O céu limpo, sem nuvens. Completo azul que preenche todo o espaço "vazio" da paisagem. Pássaros se "banham" na terra. Vai chover?
Caminho sobre areia, grama, concreto. Respiro, transpiro, vivo. Penso, ouço e vejo.
"Que calor", penso. "Está quente", digo. "É mesmo", alguém responde.
Enquanto caminho, crianças correm. Elas seguem um som característico: a corneta do carrinho de sorvetes. Por aqui não vemos caminhões de sorvete, mas carrinhos. Mas vejo pelo lado bom: não polui o ar.
Todos querem sorvetes! Está quente, lembra?
Que tal procurarmos uma sombra para descansar?
O Sol não cessa. Mesmo na sombra rara, o calor nos atinge. A rua está deserta. Todos estão em casa. Quem está com janelas e portas fechadas tem ar-condicionado. Mas quem está com janelas e portas arregaçadas, não tem. E utiliza de ventiladores - muitos deles - e sorvete!

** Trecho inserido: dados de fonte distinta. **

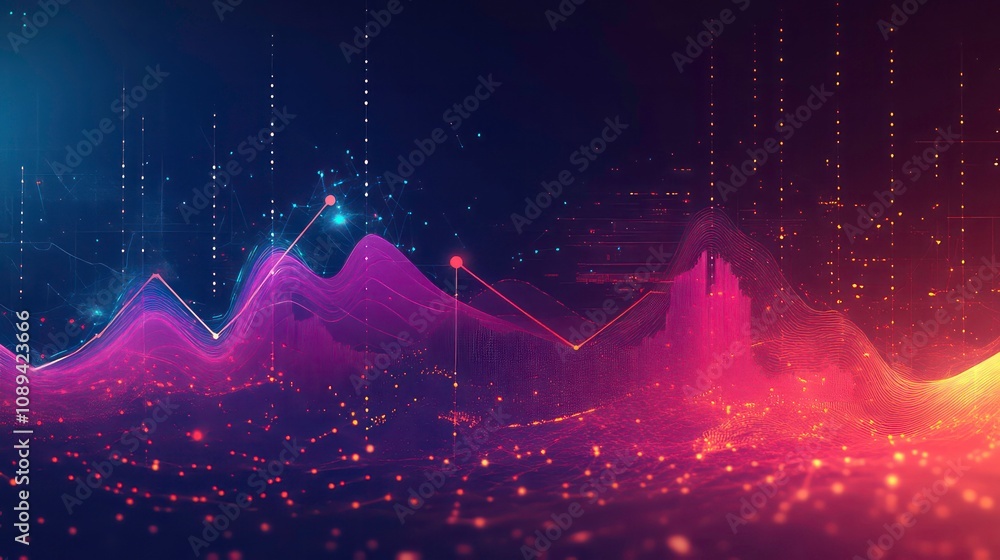 Aufkleber A composition of abstract metrics and indicators charting an upward trajectory, allowing space for text, background image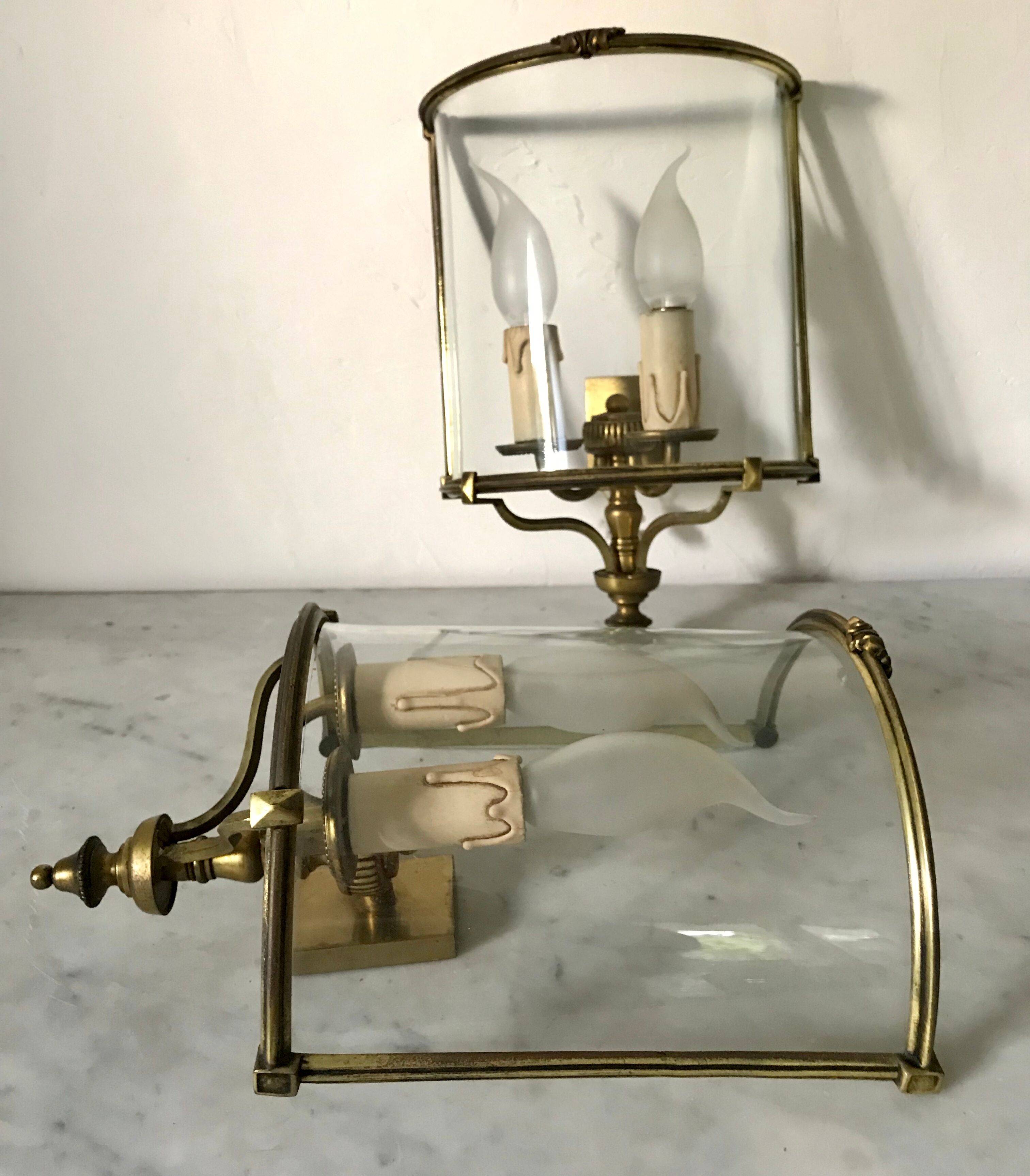 Pair of brass wall lights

Algumas crianças saem para correr, jogar, brincar. O calor não é problema. Até legal é.
"Põe um boné, Pedro Henrique", a mãe grita. "Táááááá, mãe", respondo.
Tudo igual, nada mudou. Talvez esteja mais calor atualmente, ou tenha menos sombras. Ou ainda menos brincadeiras e sorvetes, e mais ar-condicionados.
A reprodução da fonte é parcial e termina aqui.